Hervé Bazin
Bazin, Hervé
(pseudonym of Jean Pierre Marie Hervé-Bazin). Born Apr. 17, 1911, at Angers. French writer. Studied at the Sorbonne. Broke from his bourgeois family background; took up “manual” labor.
Bazin’s collections of verse include Parts (1933), Faces (1934), Days (1947), Chasing After Iris (1948), and Moods (1953). He chastises the private lives of the bourgeoisie in his novel Beating Your Head Against the Wall (1949) and in his realistic two-part novel series The Rezeau Family (Russian translation, 1965), where the system of domestic torments (vol. 1, Serpent in the Fist, 1948) gives rise to the moral and ethical revolt of a youth of the 20th century who rejects the parasitic way of life and dog-eat-dog morality (vol. 2, Death of a Pony, 1950).

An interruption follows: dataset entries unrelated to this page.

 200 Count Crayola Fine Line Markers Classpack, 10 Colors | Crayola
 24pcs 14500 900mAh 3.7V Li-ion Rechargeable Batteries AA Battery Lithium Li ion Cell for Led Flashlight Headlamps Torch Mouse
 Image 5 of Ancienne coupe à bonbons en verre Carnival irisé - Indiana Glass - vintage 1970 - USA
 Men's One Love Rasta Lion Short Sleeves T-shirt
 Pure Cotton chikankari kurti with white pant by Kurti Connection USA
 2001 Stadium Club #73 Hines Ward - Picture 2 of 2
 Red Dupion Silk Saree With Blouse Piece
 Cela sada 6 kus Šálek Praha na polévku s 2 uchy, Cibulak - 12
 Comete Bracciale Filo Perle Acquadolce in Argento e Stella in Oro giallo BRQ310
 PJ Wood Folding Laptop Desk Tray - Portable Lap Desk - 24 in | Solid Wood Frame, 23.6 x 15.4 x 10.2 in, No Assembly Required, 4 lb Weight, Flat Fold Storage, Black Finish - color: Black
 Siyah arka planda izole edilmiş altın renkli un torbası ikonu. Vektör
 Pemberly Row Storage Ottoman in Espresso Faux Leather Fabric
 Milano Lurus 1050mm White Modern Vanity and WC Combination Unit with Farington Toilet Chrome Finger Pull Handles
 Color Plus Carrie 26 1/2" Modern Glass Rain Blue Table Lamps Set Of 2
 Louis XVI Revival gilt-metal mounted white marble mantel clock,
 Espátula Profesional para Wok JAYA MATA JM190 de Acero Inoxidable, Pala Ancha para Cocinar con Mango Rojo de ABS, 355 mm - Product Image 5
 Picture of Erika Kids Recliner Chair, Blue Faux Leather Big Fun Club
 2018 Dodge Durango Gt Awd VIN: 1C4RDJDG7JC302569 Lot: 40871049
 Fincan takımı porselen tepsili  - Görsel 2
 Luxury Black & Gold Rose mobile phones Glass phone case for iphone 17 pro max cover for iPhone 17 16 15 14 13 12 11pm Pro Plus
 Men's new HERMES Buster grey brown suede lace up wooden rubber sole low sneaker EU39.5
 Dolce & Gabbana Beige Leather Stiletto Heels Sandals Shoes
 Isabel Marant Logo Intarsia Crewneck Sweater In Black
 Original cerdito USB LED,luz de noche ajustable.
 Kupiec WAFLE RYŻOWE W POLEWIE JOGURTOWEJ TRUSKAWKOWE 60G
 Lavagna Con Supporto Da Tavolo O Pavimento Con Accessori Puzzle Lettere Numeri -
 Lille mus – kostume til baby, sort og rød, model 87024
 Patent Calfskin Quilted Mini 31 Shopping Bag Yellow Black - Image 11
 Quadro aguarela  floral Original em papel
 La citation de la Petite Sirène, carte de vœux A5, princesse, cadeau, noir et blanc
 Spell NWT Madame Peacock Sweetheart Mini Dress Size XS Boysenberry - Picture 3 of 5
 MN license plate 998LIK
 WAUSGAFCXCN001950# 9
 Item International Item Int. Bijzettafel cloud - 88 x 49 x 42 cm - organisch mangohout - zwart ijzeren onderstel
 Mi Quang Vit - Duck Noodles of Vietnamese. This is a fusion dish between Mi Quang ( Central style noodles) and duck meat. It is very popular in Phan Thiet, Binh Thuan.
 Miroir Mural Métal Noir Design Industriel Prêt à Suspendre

Bazin counterposes to the bourgeoisie gone wild, the selflessness of the poor or of the intellectuals (the collection of novellas The Marriage Bureau, 1951) and their self-sacrificing qualities (the novel Arise and Go, 1952; Russian translation, 1965) and parental feelings (In the Name of the Son, 1960; Russian translation, 1964), and their goodness (the collection of novellas Hats Off, 1963). At times, Bazin paid tribute to naturalism, as in the novel Oil on the Fire (1954). The main element in his work is the condemnation of the bourgeois family and of the destructive power of money and things (the novel Conjugal Life, 1967). Since 1958, Bazin has been a member of the Goncourt Academy.
WORKS
Plumons I’oiseau: Divertissement. Paris, 1966.REFERENCES
Evnina, E. M. Sovremennyi frantsuzskii roman. Moscow, 1962.Anglade, J. Hervé Bazin. Paris, 1962.